__Problem to solve__. The task calls for an exact retyping of the lines from the one holding "Stock Footage Yellow" through the end of the listing, with pictures omitted and nothing added.

__Task material__.
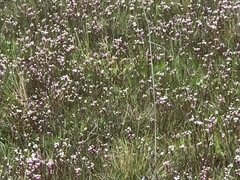 Triphysaria versicolor versicolor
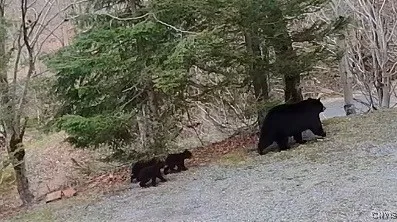 $529,000 | 103 Onondaga Road, Webb, NY 13420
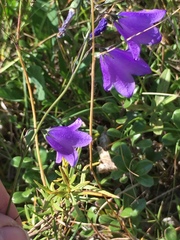 Campanula rotundifolia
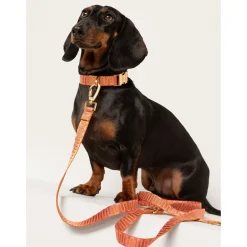 Dogguo Retro Wave Collar - Hondenhalsband - Ø26 cm Roest Pink M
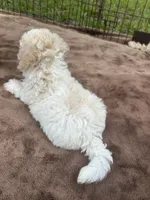Tan and White Male Puppy *SMALL* REDUCED!, a male Maltipoo for sale in Orlando, FL – 9 of 10
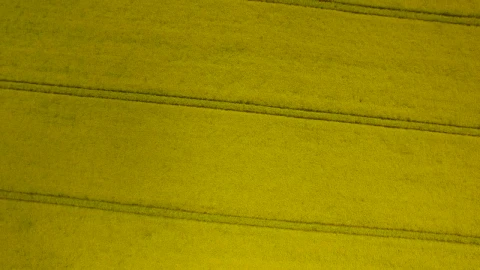Stock Footage Yellow Field Live Wallpaper Free - Free Live Wallpaper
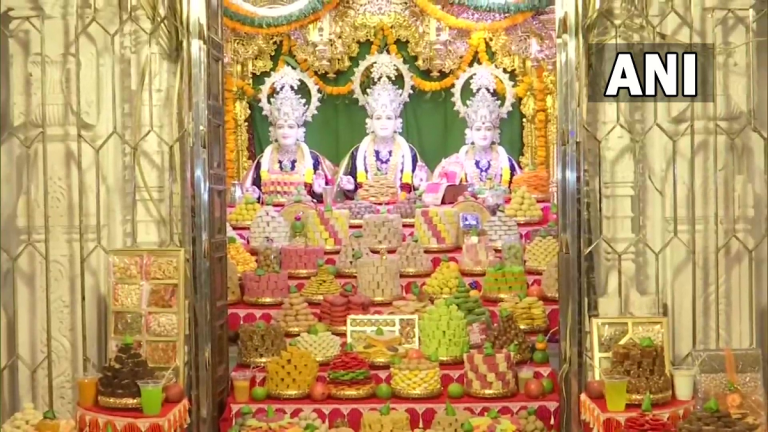 Shri Swaminarayan Mandir: अन्नकुट पूजेच्या निमित्ताने दादरमधील श्री स्वामीनारायण मंदिरात 500 विविध प्रकारचे खाद्यपदार्थांचा नैवेद्य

__Final answer__.
Stock Footage Yellow Field Live Wallpaper Free - Free Live Wallpaper
 Shri Swaminarayan Mandir: अन्नकुट पूजेच्या निमित्ताने दादरमधील श्री स्वामीनारायण मंदिरात 500 विविध प्रकारचे खाद्यपदार्थांचा नैवेद्य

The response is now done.